Zu vielen Songs erzählt Romano eine Geschichte. So auch zu „Romano und Julia“ – einem Song, bei dem er einen gleichnamigen Chemnitzer Fan auf der Bühne mit Sekt empfängt und in seine extravagante Performance einbezieht. Absolute Publikumslieblinge sind auch Titel wie „Klaps auf den Po“, bei dem er Gästen der ersten Reihe den Allerwertesten tätschelt. Richtig brannte die Hütte allerdings erst bei „Metalkutte“, der ersten Single, die so richtig auf dem Musikmarkt einschlug – zumindest bei Jugendlichen. Seinerzeit wurde ich über den Mix der Woche via Spotify auf ihn aufmerksam.

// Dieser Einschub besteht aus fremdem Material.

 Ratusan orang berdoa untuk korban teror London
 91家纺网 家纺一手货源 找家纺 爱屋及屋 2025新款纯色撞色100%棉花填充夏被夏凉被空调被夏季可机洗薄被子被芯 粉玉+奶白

Direkt aus dem Tonstudio brachte Romano Songs wie „Mutti“ und „Ruf meinen Anwalt an“ mit. In ersterem beschreibt er, wie der Titel vermuten lässt, mit nicht ganz ernst zu nehmenden Worten (s)eine krasse Mutter, die doch viel härter sei als er selbst. In „Ruf meinen Anwalt an“ spielt er geschickt mit den Wörtern. Beides könnten in der Szene echte Hits werden. Den Abschluss des rund 75 Minuten langen Gigs – mehr Songs gab und gibt es bis dato nicht zu spielen – bildeten Titel wie der jamaikanisch angehauchte „Marlboro Mann“, die etwas monoton anmutende „Straße“ und das kapitalismus-kritische „Immun“. Insgesamt unterhielt Romano die Fans gebührend. Mehr noch: Durch die Clubumgebung schaffte er eine äußerst intime Atmosphäre mit allerhand Interaktion. Bleibt nur zu hoffen, dass er auch in Zukunft seiner Linie treu bleibt. Denn Künstler wie ihn gibt es nur wenige.